If you didn't notice, I sent you a PM.


----------



## AutismDogGirl (Oct 7, 2010)

ILGHAUS said:


> If you didn't notice, I sent you a PM.


Thank you I just got it and sent a reply


----------



## ILGHAUS (Nov 25, 2002)

I have put some points out and so far have had some feedback and interest. The date we have talked about is January 11. 

ASDogGeek, as things begin to go forward I'll keep you in the loop for your help.


----------



## KZoppa (Aug 14, 2010)

that would be awesome.


----------



## ILGHAUS (Nov 25, 2002)

The two groups that I am involved with and have decided to promote a special day are in the process of deciding to go with Service Dog Awareness Day or Assistance Dog Awareness Day.

So far the majority seem to want Assistance Dog as that takes in Guide Dogs, Hearing Dogs, and Service Dogs as many organizations and individuals around the world refer to this type of working dog. I myself also use the term Assistance for the whole and then break it down into guide, hearing, and service. 

I just wanted to update those who are interested here that there is a movement going on for a special awareness day and it seems that the people who got the motion going are GSD owners and handlers. Several from this forum included. But of course the interest was picked up by our friends who use other breeds.


----------



## ILGHAUS (Nov 25, 2002)

I would like to thank ASDogGeek for giving the push to get things moving and has agreed to stay a part of the movement.

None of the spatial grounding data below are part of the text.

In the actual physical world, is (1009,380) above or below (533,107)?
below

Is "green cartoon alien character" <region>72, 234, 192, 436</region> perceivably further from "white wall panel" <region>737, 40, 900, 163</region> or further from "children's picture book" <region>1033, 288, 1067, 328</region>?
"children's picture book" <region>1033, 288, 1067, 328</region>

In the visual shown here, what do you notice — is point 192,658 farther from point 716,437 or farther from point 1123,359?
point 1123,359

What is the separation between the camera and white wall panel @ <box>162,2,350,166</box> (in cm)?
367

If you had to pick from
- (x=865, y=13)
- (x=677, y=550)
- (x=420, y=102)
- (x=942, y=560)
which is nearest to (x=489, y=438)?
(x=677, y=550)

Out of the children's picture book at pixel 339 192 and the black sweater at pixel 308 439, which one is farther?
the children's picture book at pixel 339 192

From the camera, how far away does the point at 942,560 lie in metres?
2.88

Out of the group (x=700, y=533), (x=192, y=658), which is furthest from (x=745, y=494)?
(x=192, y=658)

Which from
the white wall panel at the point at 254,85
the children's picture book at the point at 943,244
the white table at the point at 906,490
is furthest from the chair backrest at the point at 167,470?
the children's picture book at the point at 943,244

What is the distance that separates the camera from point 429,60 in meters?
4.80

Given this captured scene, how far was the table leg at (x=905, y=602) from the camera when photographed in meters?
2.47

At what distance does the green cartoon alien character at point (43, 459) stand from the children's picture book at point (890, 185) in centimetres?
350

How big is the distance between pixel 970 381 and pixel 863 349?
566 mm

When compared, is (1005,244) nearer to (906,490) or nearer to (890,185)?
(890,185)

And also a thanks to Lin who has already been a help behind the scenes.


----------



## AbbyK9 (Oct 11, 2005)

You know you've always got my help if you need any graphics for it or anything.


----------



## ILGHAUS (Nov 25, 2002)

Thanks Chris. When we get going maybe you can help spread the word. We'll be needing ideas too.


----------



## ILGHAUS (Nov 25, 2002)

The in-house voting ended just a short while ago. The special day being spearheaded by Service Dog Central and (Karl's Kids Program, Inc.) ADAP/Assistance Dog Advocacy Project will be called *Assistance Dog Appreciation Day* and will be January 11 beginning in 2012.


----------



## Hillary_Plog (Apr 3, 2011)

Wow...exciting news! Please let me know if there is anything I can do to help promote and/or execute!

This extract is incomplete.